Как возникнет в душе той ночи образ печальный,
Той, что последней была в городе милом моем,
Как я вспомню ту ночь, когда все дорогое покинул,
Слез и теперь удержать, как и тогда, не могу.
Вот уж заря приближалась и день наступал, когда Цезарь
Отдал приказ, чтобы я землю покинул мою.
Было времени мало на сборы, и был не готов я,
В оцепеньи застыл, двинуться не было сил.
..........
Вот уж и лая не слышно собак, и люди замолкли,
Только луна в высоте бег колесницы стремит,
Я взглянул на нее, осветила она Капитолий,
Чье соседство от бед дом мой спасти не смогло.
«Вы, небожители, рядом живущие! — так я воскликнул. —
Храмы, которых теперь мне никогда не видать!

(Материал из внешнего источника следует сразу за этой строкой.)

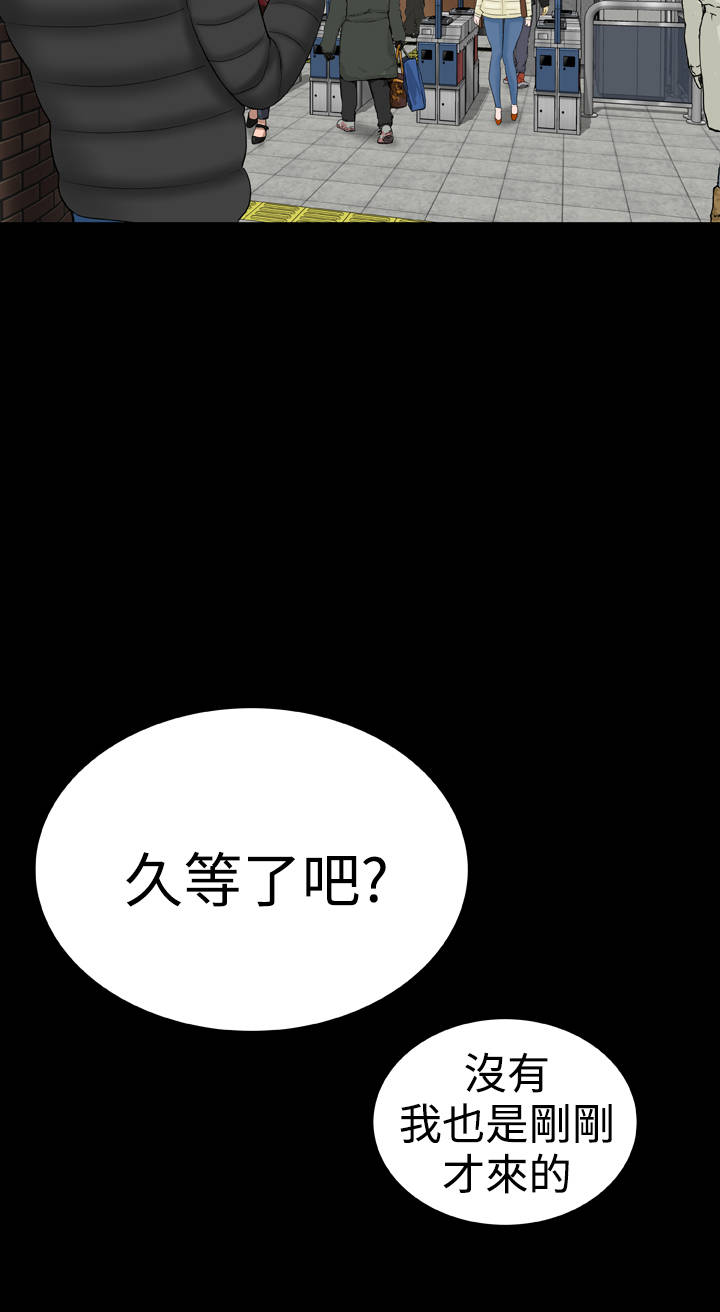 《1204公寓》漫画最新章节第45章后记免费下拉式在线观看章节第【5】张图片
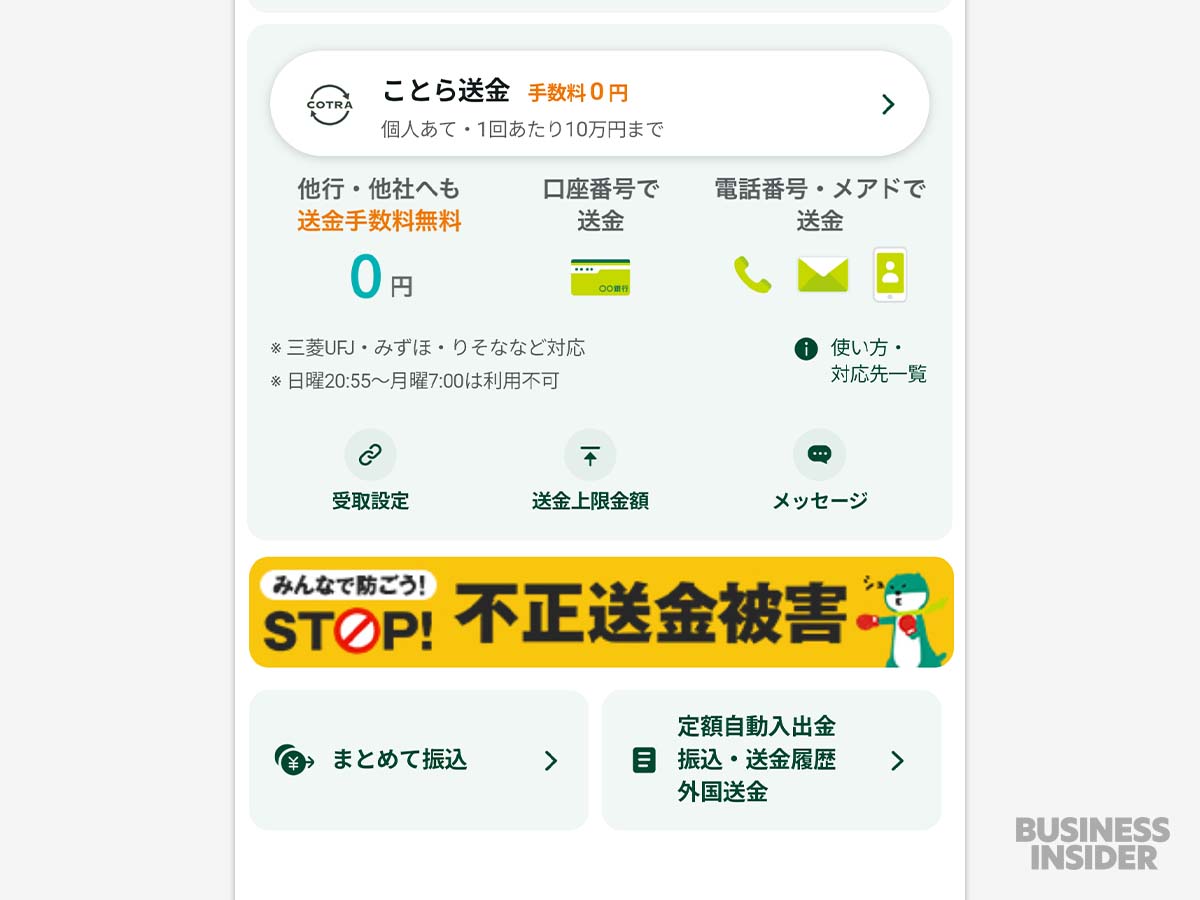 LINE Pay送金終了。地味だけど無料な「ことら送金」を推したい | Business Insider Japan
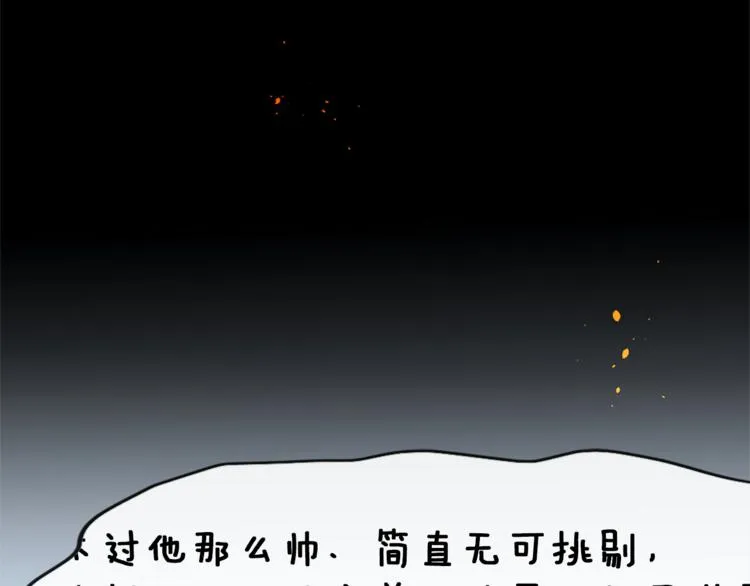 第23话 不要逃避 第48页
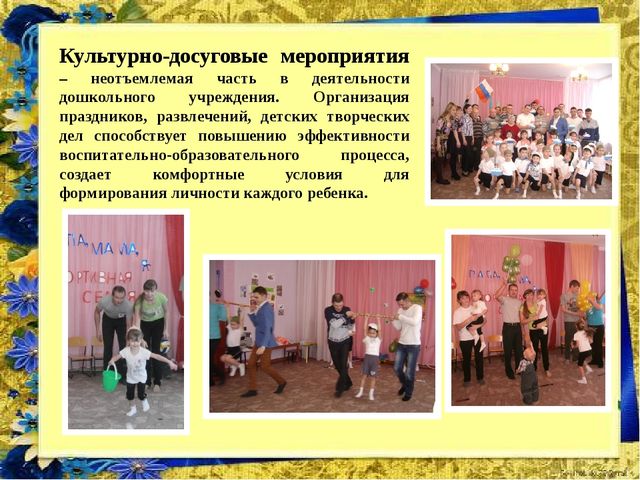 Презентация педагогического проекта "Сотрудничество детского сада с семьей"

Боги, царящие в граде, в священном граде Квирина,
Вам поклоняться всегда буду, от вас уходя.
И хоть и поздно за щит я берусь, берусь, когда ранен,
Но снимите с меня гнева тяжелого гнет.
Расскажите ему, небожителю, в чем я ошибся,
Чтобы ошибку не мог он преступленьем считать».
Так умолял я богов, жена их громче молила.

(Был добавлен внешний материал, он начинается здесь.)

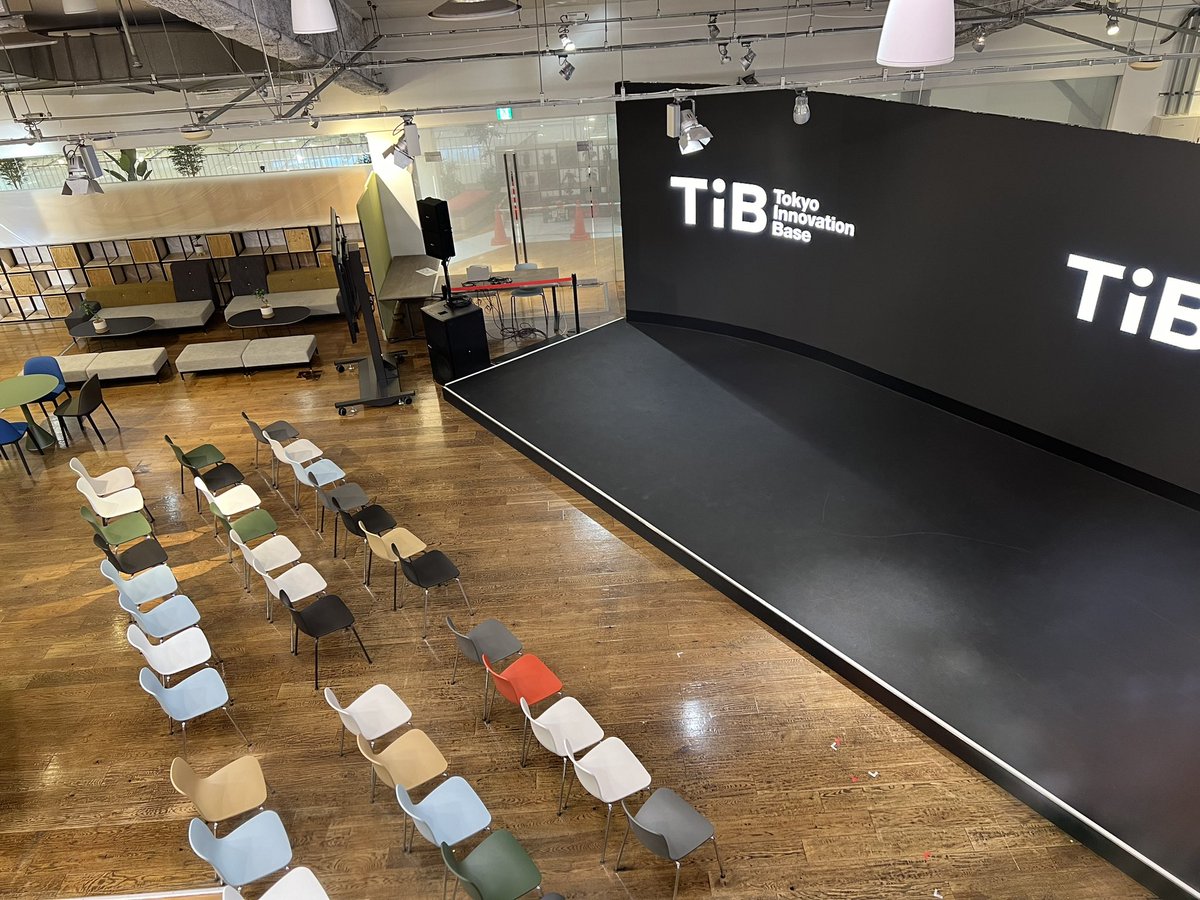 5/15 にグランドオープンしたTokyo Innovation Baseが神スポットでした。

有楽町駅徒歩1分、会員登録だけで無料。電源、wifi、モニター、テレフォンブースあり。コーヒーも飲めてとにかく広い、なんと土日も使える😭✨スタートアップにとって救世主すぎる…！
#TiB #TokyoInnovationBase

Слезы душили ее, слезы мешали словам.
На пол упала она, распустив свои волосы в горе.
И целовала в мольбе пыльный, остывший очаг.
(Тристии. 1, 3)
Эти строки не раз повторял Гёте, стоя на Капитолийском холме. На дворе стоял декабрь, плаванье по морям было опасно, Овидий направился в Брундизий и отплыл в Грецию (Коринф, Керкира), чтобы весной двинуться дальше. Море бушевало. Грозная буря обрушилась на корабль.

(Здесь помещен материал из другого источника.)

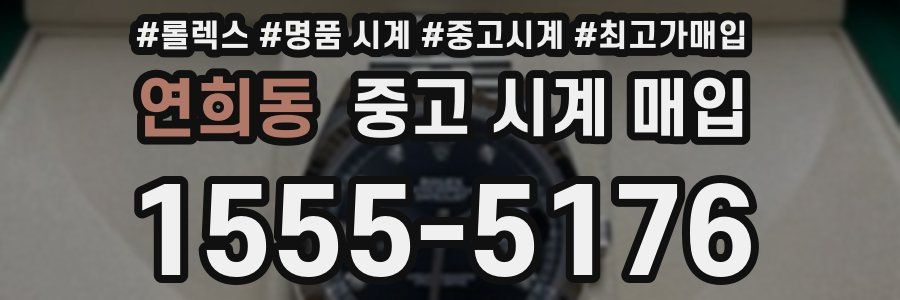 연희동 중고 시계 매입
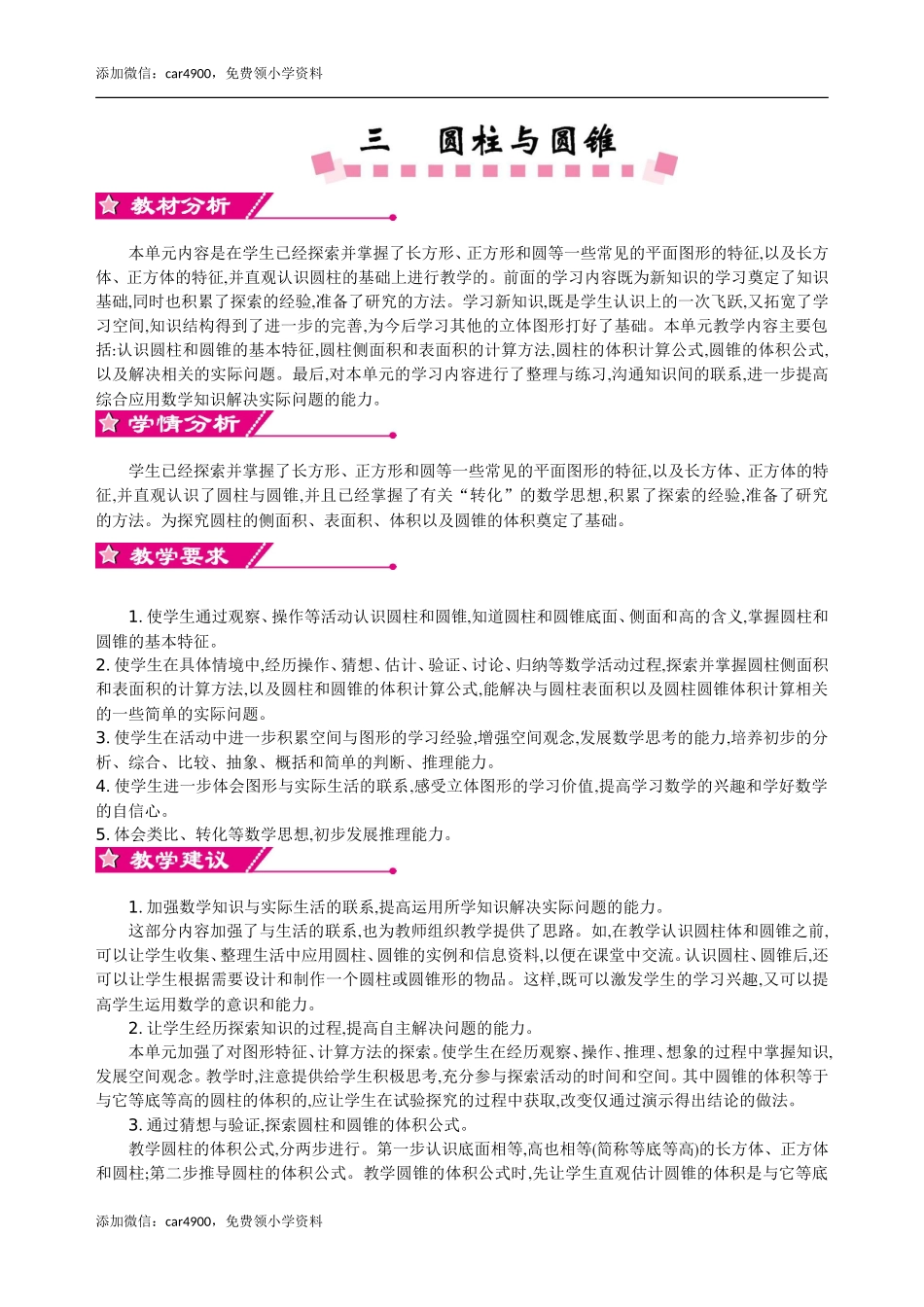 第三单元教案.doc_第1页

Горе! Какие валы вздымают могучие ветры.
Поднятый с самого дна желтый крутится песок.
И, подобна горе, волна, вздымаясь высоко.
Рушится вниз на корабль, брызжа на пестрых богов.
Остов сосновый трещит, скрипят под ветром канаты,
Кажется, даже корма стонет о горе моем.
Кормчий, бледный от страха, уже не стоит у кормила,
Сдавшись на волю ветров, бросил в отчаньи руль.
(Тристии. 1, 4)
Античные корабли ходили на веслах и под парусами, надводная часть пестро расписывалась, так как судно считалось существом одушевленным, даже с глазами, рисовавшимися на бортах. Нос обычно украшали изображением какого-нибудь божества: Нептуна, Венеры, Меркурия, корабль же Овидия шел под покровительством Минервы. Но это, конечно, не было пассажирское судно с удобствами, в то время существовали только военные и грузовые корабли, с владельцами нужно было договариваться в порту, выбирая плывшие в нужном направлении. Правда, и на грузовых были небольшие «каютки», крытые помещения типа палатки, где можно было укрыться от дождя, но качка была мучительной, Овидию же шел в то время пятьдесят второй год. Благополучие плаванья всецело зависело от искусства кормчего, снабженного лишь весьма примитивными приборами и правившего путь по звездам, течениям, направлениям ветров и т.д. Опасности плаванья и невыносимая качка заставили поэта, по-видимому, совершить часть пути в Томи по суше.